§ PROVIDED DATA
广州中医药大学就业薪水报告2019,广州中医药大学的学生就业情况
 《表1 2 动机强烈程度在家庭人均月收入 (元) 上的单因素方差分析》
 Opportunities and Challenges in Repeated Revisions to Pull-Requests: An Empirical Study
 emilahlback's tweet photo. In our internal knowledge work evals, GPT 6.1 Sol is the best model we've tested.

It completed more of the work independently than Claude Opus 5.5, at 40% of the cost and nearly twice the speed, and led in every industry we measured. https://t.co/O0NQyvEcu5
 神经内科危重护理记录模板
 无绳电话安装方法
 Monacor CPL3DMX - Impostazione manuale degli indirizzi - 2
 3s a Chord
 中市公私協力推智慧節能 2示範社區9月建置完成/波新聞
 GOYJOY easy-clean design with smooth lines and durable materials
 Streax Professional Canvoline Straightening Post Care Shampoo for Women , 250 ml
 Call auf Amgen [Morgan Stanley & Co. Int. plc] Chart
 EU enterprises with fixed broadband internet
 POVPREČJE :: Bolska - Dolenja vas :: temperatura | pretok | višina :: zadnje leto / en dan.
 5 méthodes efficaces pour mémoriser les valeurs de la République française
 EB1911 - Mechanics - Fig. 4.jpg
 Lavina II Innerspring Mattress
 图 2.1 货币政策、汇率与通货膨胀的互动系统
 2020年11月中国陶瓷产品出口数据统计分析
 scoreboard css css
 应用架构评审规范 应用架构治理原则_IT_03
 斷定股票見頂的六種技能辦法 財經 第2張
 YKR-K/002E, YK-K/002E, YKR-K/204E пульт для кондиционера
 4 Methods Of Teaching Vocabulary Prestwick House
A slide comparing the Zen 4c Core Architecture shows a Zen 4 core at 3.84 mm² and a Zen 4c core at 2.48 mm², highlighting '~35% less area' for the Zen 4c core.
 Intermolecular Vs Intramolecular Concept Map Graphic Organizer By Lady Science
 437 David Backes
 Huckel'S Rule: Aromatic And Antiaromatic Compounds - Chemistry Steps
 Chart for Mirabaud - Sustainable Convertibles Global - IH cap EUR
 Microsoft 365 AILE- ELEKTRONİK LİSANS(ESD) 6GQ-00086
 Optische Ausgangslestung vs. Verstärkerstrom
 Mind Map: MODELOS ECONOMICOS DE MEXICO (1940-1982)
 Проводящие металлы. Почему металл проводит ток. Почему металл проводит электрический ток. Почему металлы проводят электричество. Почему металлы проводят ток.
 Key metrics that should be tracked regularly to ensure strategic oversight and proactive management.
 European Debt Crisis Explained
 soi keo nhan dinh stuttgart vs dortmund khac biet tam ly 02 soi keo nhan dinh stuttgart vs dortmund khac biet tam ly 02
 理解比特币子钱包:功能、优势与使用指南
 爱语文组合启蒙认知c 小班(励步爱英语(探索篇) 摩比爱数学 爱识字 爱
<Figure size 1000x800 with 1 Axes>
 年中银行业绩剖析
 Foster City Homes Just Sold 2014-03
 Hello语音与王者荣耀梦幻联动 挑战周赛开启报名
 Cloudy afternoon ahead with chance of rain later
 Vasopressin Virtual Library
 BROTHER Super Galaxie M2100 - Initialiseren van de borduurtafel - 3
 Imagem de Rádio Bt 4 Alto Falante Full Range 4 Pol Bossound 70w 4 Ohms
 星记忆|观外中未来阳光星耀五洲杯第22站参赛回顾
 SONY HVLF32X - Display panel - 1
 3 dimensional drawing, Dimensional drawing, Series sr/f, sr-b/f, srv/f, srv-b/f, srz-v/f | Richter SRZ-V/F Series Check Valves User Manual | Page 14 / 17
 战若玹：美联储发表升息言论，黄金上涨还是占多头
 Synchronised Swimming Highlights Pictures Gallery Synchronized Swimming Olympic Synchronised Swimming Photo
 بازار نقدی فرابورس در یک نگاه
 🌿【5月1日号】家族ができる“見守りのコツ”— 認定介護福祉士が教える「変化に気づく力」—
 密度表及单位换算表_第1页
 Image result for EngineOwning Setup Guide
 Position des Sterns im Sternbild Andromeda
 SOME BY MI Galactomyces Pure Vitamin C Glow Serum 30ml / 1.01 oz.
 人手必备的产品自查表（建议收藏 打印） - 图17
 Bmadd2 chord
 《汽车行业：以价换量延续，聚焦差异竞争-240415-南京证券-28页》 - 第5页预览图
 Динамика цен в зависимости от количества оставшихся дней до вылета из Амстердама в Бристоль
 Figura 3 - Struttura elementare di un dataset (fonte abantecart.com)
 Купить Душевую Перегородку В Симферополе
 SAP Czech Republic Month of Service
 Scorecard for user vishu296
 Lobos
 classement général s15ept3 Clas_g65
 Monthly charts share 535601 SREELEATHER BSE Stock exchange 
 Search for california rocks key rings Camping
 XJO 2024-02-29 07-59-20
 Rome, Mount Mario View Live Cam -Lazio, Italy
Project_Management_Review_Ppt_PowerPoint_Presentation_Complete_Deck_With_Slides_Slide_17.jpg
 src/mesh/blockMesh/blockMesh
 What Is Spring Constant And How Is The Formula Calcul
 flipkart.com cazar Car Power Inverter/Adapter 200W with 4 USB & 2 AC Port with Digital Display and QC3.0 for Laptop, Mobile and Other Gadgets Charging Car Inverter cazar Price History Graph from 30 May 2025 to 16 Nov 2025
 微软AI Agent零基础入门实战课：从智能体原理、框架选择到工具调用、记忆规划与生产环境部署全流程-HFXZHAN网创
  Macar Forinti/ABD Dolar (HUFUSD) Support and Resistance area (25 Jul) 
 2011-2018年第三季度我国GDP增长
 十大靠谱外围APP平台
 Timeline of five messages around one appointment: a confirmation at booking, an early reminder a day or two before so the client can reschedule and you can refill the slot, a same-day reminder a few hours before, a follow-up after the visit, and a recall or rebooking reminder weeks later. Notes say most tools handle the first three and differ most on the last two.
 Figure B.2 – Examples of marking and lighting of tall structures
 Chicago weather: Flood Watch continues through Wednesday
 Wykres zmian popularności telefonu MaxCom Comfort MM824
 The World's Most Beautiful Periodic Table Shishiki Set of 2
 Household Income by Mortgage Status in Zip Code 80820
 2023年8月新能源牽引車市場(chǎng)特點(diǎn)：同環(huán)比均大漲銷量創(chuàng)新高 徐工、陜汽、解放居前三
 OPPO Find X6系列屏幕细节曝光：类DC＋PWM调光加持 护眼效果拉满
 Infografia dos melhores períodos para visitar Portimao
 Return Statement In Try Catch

§ EXERCISE AIM
Out of the data above, transcribe exactly and only the lines starting with the line that has "4 Methods Of" and going on through the line that has "<Figure size 1000x800 with 1 Axes>", both included.

§ OUTPUT BELOW
 4 Methods Of Teaching Vocabulary Prestwick House
A slide comparing the Zen 4c Core Architecture shows a Zen 4 core at 3.84 mm² and a Zen 4c core at 2.48 mm², highlighting '~35% less area' for the Zen 4c core.
 Intermolecular Vs Intramolecular Concept Map Graphic Organizer By Lady Science
 437 David Backes
 Huckel'S Rule: Aromatic And Antiaromatic Compounds - Chemistry Steps
 Chart for Mirabaud - Sustainable Convertibles Global - IH cap EUR
 Microsoft 365 AILE- ELEKTRONİK LİSANS(ESD) 6GQ-00086
 Optische Ausgangslestung vs. Verstärkerstrom
 Mind Map: MODELOS ECONOMICOS DE MEXICO (1940-1982)
 Проводящие металлы. Почему металл проводит ток. Почему металл проводит электрический ток. Почему металлы проводят электричество. Почему металлы проводят ток.
 Key metrics that should be tracked regularly to ensure strategic oversight and proactive management.
 European Debt Crisis Explained
 soi keo nhan dinh stuttgart vs dortmund khac biet tam ly 02 soi keo nhan dinh stuttgart vs dortmund khac biet tam ly 02
 理解比特币子钱包:功能、优势与使用指南
 爱语文组合启蒙认知c 小班(励步爱英语(探索篇) 摩比爱数学 爱识字 爱
<Figure size 1000x800 with 1 Axes>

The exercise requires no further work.